According to the World Bank estimates, power theft reduces India’s GDP by around 1.5%. A
recent study by the NDTV also concluded that 40% of the electricity in India is still unpaid. Of all
the power generated in the country, around one fourth is either stolen or lost in transmission.
Governmental measures to curb power theft
The Union Ministry has suggested that in order to combat various challenges of rural
electrification, power distribution companies should raise awareness among the public on the
uses of electricity. They should take up extensive drives to curb the theft of electricity and
regularise illegal connections and focus on quality, reliability, quantity and timings of power
supply in rural areas. The Indian government has also put emphasis on a rationalisation of “cost
of connection” for rural households, 100% metering at all levels to “facilitate energy audit” and
rationalisation of tariffs in line with tariff policy of 2016.
The central government has pledged an investment of billions of dollars for creating a smart grid
infrastructure. In November, 2014, Prime Minister Narendra Modi announced $4 billion in
funding for smart metering programmes. Additionally, over $ 8billion is available for loss
reduction programmes and dozens of projects are now underway across India. Measures such
as these may reduce power theft in India.
Technological interventions to curb power theft
The high rates of transmission and distribution losses in India are around 60% in several states.
This has led to the emergence of several technologies to address the non-technical power loss.
Companies such as Omron, Sensus and even Nokia have begun operations in this sector
helping power distribution companies detect and address power theft and meter tampering in
real time. Others have begun work to reduce costs by enabling remote reading of meters.
Omron, a Japan-based company, the world leader in securing and controlling technologies,
launched its Integrated Tamper Detection Solution in India in 2017. Integrated Tamper
Detection Solution comprises of a technologically advanced security sensor, embedded in a
smart meter. Vinod Raphael, Country Business Head, Omron Electronic and Mechanical
Components, Business Division in India, said, “Though it is difficult to reckon the proportion of
power theft in transmission and distribution losses, it is certainly one of the major concerns for
the utilities. Omron has launched a security sensor for the smart meter by detecting all kinds of
(electrical and non-electrical) tampering.” The sensor uses GSM technology to transmit the data
to the distribution company’s central server. Raphael also added, “Now, we have started the
development of sensors that can be clamped on to low tension distribution lines and can detect
load imbalances”. Omron’s new solution is in synergy with the government’s efforts towards
minimising transmission and distribution losses, considering the government setup of a “smart
meter task force” to address this alarming state of affairs and to contribute towards shaping
India as a Smart Grid Nation.
Transmission and distribution losses remain one of the major concerns for the power sector in
India. As per varied industry reports, the country ranks fifth in the world in terms of installed
capacity, but still more than 300 million people do not have access to electricity. The losses give
rise to a vicious cycle – utilities running into losses leading to increase in power tariff leading to
more burdens on the end users which ultimately results into more unscrupulous ways to tamper
with meters.

Due to huge power theft, India is losing billion of rupees because of unbilled consumption and
illegal power usages. If you add all the unpaid bills to this loss, then the electricity distribution
companies and boards will be in a huge loss. The recent estimates say that only half of the
revenue is realized. As per a world bank’s report, there are two components of losses which are
technical and non-technical. Technical losses are mainly because of power supply dissipation due
to faulty transmission and distribution lines, measurement systems and transformers.
Here are other power losses which incurred as a result of actions that are outside the control of
the power supply like errors in accounting and record keeping. Power theft losses also called
commercial and non-commercial losses, which are very difficult to estimate but run into huge
amounts. Brazil and India rank high on the list of the huge power loss. Countries like U.K and U.S
also experience such losses but there are not as significant. The Indian government also
experience huge power thieves across domestic, commercial and industrial establishments, larg e
cities, and rural areas.
Whatever the type of loss is, there should be a proper process to avoid these unlawful activities
so that most of the power loss will be saved.
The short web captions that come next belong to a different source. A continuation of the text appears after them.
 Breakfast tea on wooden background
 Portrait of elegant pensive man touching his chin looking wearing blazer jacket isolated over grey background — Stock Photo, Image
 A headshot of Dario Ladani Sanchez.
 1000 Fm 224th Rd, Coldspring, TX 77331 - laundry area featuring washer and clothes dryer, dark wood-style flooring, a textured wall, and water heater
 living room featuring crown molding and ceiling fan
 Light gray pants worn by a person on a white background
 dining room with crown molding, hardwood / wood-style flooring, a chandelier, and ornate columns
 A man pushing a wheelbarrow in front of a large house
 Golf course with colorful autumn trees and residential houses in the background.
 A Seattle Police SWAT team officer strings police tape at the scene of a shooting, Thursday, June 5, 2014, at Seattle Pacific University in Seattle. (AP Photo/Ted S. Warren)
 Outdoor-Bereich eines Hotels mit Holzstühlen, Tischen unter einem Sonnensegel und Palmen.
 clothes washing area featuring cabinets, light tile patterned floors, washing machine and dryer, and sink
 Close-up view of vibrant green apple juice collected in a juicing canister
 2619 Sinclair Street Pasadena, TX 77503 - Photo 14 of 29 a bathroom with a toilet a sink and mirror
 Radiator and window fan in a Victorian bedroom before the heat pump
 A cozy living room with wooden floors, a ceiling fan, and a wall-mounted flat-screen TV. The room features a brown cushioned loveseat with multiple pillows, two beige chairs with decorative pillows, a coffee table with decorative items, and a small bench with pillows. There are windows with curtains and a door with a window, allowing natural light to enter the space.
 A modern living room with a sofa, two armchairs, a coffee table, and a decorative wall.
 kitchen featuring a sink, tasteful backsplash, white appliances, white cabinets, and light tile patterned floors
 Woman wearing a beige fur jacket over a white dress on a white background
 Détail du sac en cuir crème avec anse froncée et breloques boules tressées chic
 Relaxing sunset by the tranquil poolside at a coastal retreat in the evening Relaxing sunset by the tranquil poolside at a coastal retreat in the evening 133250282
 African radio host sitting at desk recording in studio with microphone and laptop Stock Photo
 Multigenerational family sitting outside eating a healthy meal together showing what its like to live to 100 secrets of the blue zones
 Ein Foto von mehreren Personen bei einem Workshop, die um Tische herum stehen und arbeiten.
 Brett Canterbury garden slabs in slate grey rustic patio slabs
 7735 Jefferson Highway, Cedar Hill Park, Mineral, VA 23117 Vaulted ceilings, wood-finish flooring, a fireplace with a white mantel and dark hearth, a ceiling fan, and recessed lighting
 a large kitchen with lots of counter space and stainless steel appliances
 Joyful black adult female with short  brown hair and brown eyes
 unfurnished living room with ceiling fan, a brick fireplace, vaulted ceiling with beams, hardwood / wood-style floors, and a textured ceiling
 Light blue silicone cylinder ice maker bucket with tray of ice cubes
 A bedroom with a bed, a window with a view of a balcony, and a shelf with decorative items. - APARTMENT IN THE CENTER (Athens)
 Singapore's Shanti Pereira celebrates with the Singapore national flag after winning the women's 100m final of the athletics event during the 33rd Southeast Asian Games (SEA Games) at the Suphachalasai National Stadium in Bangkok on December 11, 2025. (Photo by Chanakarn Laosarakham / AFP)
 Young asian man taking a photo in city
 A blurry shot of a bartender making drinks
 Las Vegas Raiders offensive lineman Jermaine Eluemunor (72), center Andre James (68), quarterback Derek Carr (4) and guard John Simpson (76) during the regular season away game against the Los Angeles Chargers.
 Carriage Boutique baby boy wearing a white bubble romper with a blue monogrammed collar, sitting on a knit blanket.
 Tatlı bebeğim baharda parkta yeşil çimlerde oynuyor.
To avoid such activities and to save the power, the government of India has introduced smart
meters in all the sectors, and in some parts of India. These smart meters have become extremely
relevant in saving the power and giving the exact bill. Now, let us understand what smart meter
all about is; this smart meter is used to measure the usage of electricity and need to tenuously
switch the customer’s power supply off or individual appliances based on the demand response.
It can remotely control electricity consumption and maximize the energy efficiency and load
balancing.

A smart meter consists of two units: a metering device and a display unit.

 A Metering Device: This will be in the custody of the distribution or utility company.
 A display Unit: This will be at the consumer’s place.
Benefits of Smart Meter:
 The smart meters that are deployed in India are capable of one-way communication as they have
enhanced features and cost-effective.
 Smart meters are good for the distribution firms, as they can detect unusual and heavy demand
powers, which may point to a tapping of wires. This is particularly applicable in certain parts of
India where little theft of power is out of control and detecting it manually is difficult.
How Smart Meter Can Help Control Power Thefts:

 Using Smart meters you can shut off the services of households and commercial establishments
which don’t pay their bills.
 Early indications from deployments globally indicate that putting monitoring systems in place can
prevent the power loss caused due to electricity theft.
 Smart meter help to control the lower power consumption and consumers who use ‘free’ power
can cut the usage and resort to using the power only as much as they can pay legally.
One of the strongest reasons to start smart meter in India is to prevent the power
theft which is legally or illegally very huge. The other compelling factors such as
technical power losses, peak power shortfalls and bringing well-organized
transmission of electricity to reward the consumers who help in reducing peak power
also demand smart meter.
At present, governments in Andhra Pradesh, Maharashtra, Karnataka, New Delhi, and
Puducherry have initiated the process of installing smart meters. Hope it spread all
over India to control the power thefts.
Power Quality

Power quality refers to the stability and consistency of electricity supply. In India, the concept has
gained significance over the past few years, especially in light of the government’s target to provide
24×7 “quality” power to all by 2022. Meanwhile, the electricity grid is becoming increasingly complex
with the integration of large renewable energy capacity, increase in distributed generation,
introduction of higher voltages in power transmission and addition of complex loads in the system,
thus bringing power quality issues to the fore. However, in view of these challenges, it has become
even more difficult to maintain power quality in the country.

In India, power quality is often described in terms of power factor, frequency, reliability (number of
interruptions) and restoration of supply (duration of interruptions), etc. Some common power quality
problems are supply interruptions, harmonic distortions, transients and imbalances in voltage and
current, flickers, voltage sags and swells, and frequency excursions, as well as problems associated
with reactive power. These issues also have operational impacts on the electricity network and its
losses.

A look at the power quality scenario in India…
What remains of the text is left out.